# Chain rule for multivariable calculus.

I can't seem to figure out this problem.

We let s and p be real functions that are twice continuously differentiable. And we define r and f such that: $$r =r(x,y,z) = \sqrt{x^2+y^2+z^2}$$ and $$f(x,y,z,t) = \frac{1}{r}( \ p (r-ct) + s(r+ct) \ )$$ We need to show that $\frac{\partial^2f}{\partial t^2} = c^2(\frac{\partial^2f}{\partial x^2} + \frac{\partial^2f}{\partial y^2} + \frac{\partial^2f}{\partial z^2})$

I know that we have to use the chain rule, so I tried finding functions g and h so that $f = g \circ h$ but I can't seem to do so. Any tips to how I can understand this problem?

• You don't need to write that f is a composition, just that when encountering each term you use appropriate rules, also are s and p real functions of how many of the variables? Is $s=s(x,y,z)$ And likewise for p? – Triatticus May 26 '17 at 13:55
• @Triatticus I thought that it was necessary to know the composition for the chain rule. How can you use the chain rule if you don't know the exact functions? s and p are functions of 4 variables x,y,z and t. – K.Kamal May 26 '17 at 14:15
• Well there wouldn't be a unique way of setting it up, for instance you need the chain rule to evaluate $r^{-1}$ which appears out front. Also now that I mention are the parentheses for s and p the arguments of those functions? Because that's a chain rule right there.
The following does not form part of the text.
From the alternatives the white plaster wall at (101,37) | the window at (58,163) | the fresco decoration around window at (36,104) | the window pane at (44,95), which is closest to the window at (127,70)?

As in $p(r(x,y,z) - c t)$ – Triatticus May 26 '17 at 14:17

As Triatticus said, all you need is a straightforward application of the chain rule without needing to introduce any extraneous functions to define $f$.

HINT: I would define $u=r+ct$ and $v=r-ct$ so that you have terms like $\frac{\partial p}{\partial t}=c\frac{\partial p}{\partial u}$ and $\frac{\partial p}{\partial x}=\frac{\partial p}{\partial u}\frac{\partial r}{\partial x}$, etc etc and then you can collect terms with the partial derivatives of $p$ and $s$ with respect to $u$ and $v$ to simplify your algebra.

You're being asked in essence to derive the wave equation in 3 spatial dimensions.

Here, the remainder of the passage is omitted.